▶ RECORDS SUPPLIED
+ + + + +
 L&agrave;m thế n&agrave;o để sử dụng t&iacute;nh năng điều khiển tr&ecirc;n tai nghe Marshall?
+ + + + +
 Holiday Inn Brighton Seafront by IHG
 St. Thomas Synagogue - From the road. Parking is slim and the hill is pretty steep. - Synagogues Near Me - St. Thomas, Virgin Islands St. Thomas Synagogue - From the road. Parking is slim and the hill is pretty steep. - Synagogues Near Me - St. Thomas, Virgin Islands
+ + + + +
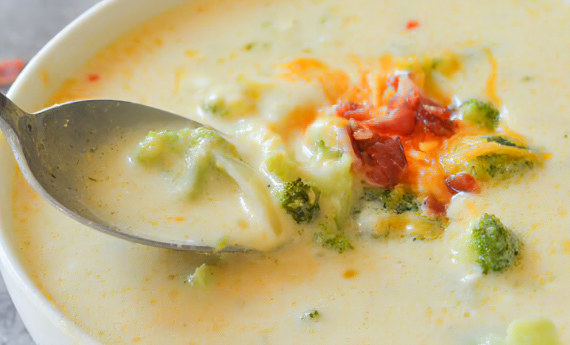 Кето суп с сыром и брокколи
+ + + + +
▶ EXERCISE BRIEF
Would you print exactly, and only, the lines of the data above from the line with "Holiday Inn Brighton Seafront by IHG" through the line with "Virgin Islands St.", inclusive?

▶ RESPONSE TO THE EXERCISE
 Holiday Inn Brighton Seafront by IHG
 St. Thomas Synagogue - From the road. Parking is slim and the hill is pretty steep. - Synagogues Near Me - St. Thomas, Virgin Islands St. Thomas Synagogue - From the road. Parking is slim and the hill is pretty steep. - Synagogues Near Me - St. Thomas, Virgin Islands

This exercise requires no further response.